Die Initialisierung scheint probleme zu machen.
C-Compiler kompiliert alles (selbstverständlich mit angaben der OpenCV Libs / includs)
Java bricht aber einfach ab - mit

# An unexpected error has been detected by HotSpot Virtual Machine:
#
#  EXCEPTION_ACCESS_VIOLATION (0xc0000005) at pc=0x650c1438, pid=648, tid=592
#
# Java VM: Java HotSpot(TM) Client VM (1.5.0_08-b03 mixed mode, sharing)
# Problematic frame:
# C  [libNative1.so+0x1438]

Zuweisen mit der "hand" funktioniert - also OutImage->ID=0; OutImage->height=300; etc

Ich vermute auf irgnedwas mit speicherbereiche :?: 
(Diese Java-Felhermeldung kamm nämlich auch als ich "ausversehen" IplImage *InImg = 0; geschrieben habe)

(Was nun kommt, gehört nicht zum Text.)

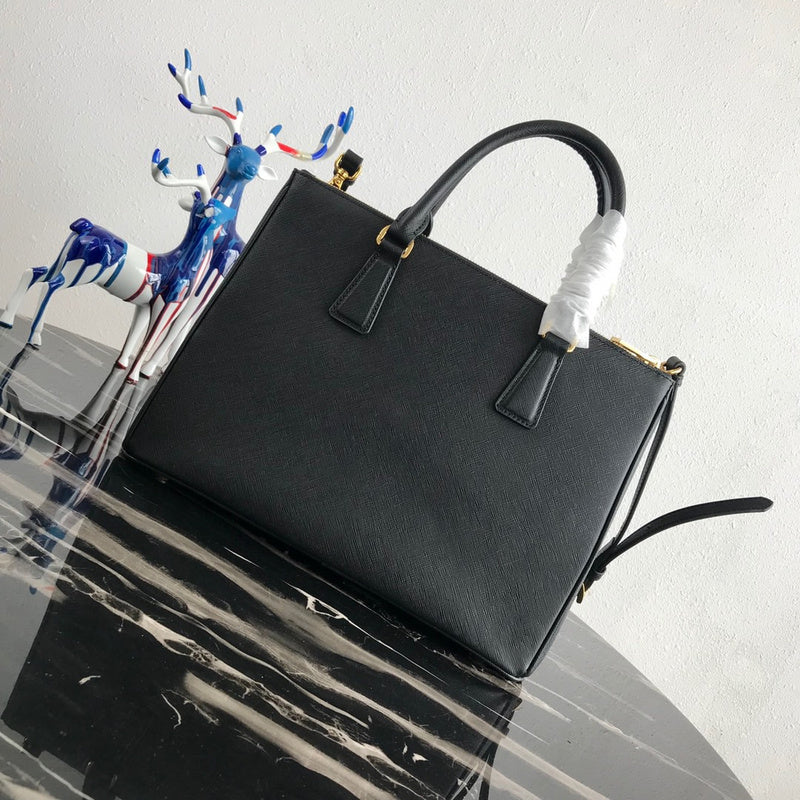 Glami - PD Bags - 075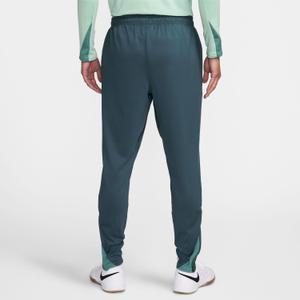product/n/i/nike_fq2458-359-phsbm001_082824.jpg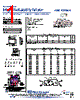ADE-R272MH Datasheet HTML 1Page - Mini-Circuits 
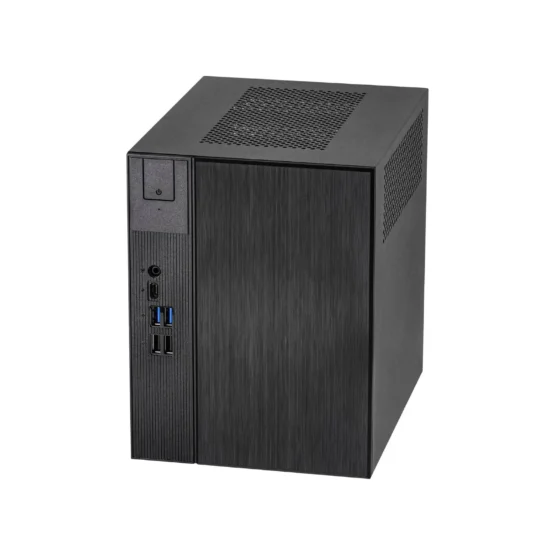 mini pc with usb c, hdmi and wifi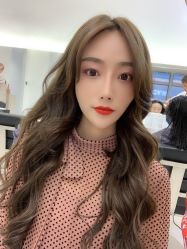 -SalonRivelin 沙龙瑞菱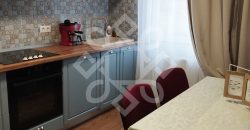 Casa cu 4 camere de inchiriat in Cartierul Lotus Sanmartin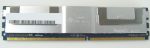 Dell M788D 8GB 240-Pin PC2-5300F DDR2-667MHz 4Rx4 ECC Memory - Image 6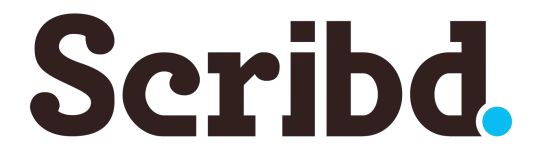 1612036549122.png 1612036549122.png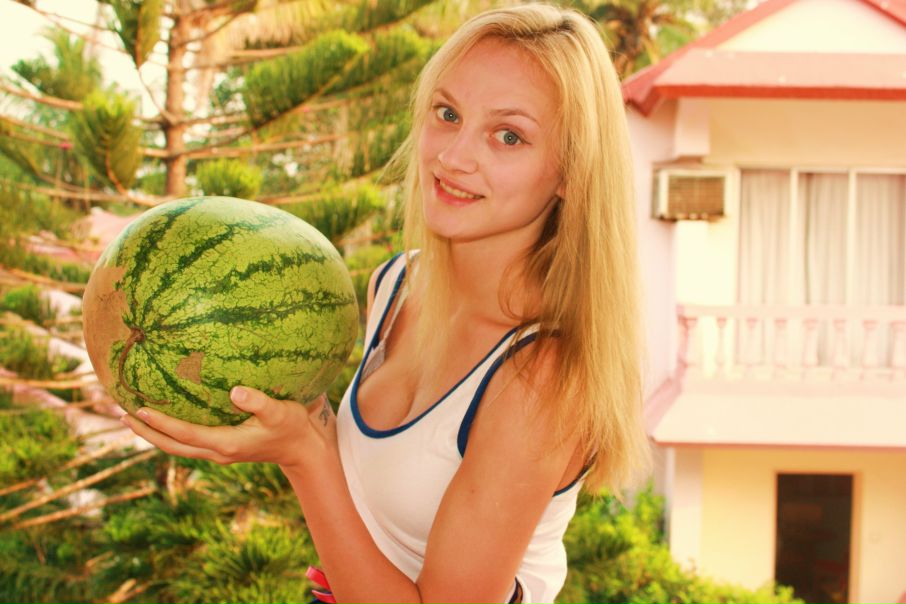 №12, Юлия Матвеева, 33 года, Самара №12, Юлия Матвеева, 33 года, Самара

Also wie du schon sagtest Anmeldeboykottierer,
ich will Arrays kopieren (sollte doch reichen den Pointer zu "kopieren")
dann mit der OpenCV funktion arbeiten (mein Output ist ja denn in mein OutImage)
und dann mein "OutImage-Array" wieder ab nach Java.

Meine IDE ist NetBeans 5.0


ich sag schonmal danke an Anmeldeboykottierer 

so long...


----------



## Anmeldeboykottierer (22. Sep 2006)

Ok, nur um noch mal sicher zu gehen (stimmt schon mit dem frühen morgen ;-))
Du legst dein Out und In Image als C++ Klassen an, sieht ja soweit richtig aus. Auch die Art, wie du die Höhe übergibst ist so, wie ich es meinte.  Was die Breite angeht, die setzt du aber auch? Falls ja ist das ganz analoge klar, falls du das vergessen hast, kann es natürlich Probleme geben.

Also ich würde sagen der einfachste Weg ist es, dass du erst ein C++ Programm schreibst, in dem alles funktioniert, du aber erstmal Höhe, Breite und das Array "per Hand" initialisierst. Dieses kannst du dann einfach linken, ausführen, sicher gehen, dass hier kein Fehler auftritt. Dann baust du für JNI einfach nur einen Wrapper, der die Höhe und Breite sowie die Daten des Arrays aus deiner JMV ausliest und an diese (getestete) Bibliothek weiter reicht. Wenn es dann noch Probleme gibt, würde es mich fast wundern, aber man kann sie dann leichter finden. 
So bleibt das Problem, dass ich nur sagen kann, dass sich dein Ansatz gut anhört (für mich) und ich das so meinte wie du es nochmal aufgeschrieben hast.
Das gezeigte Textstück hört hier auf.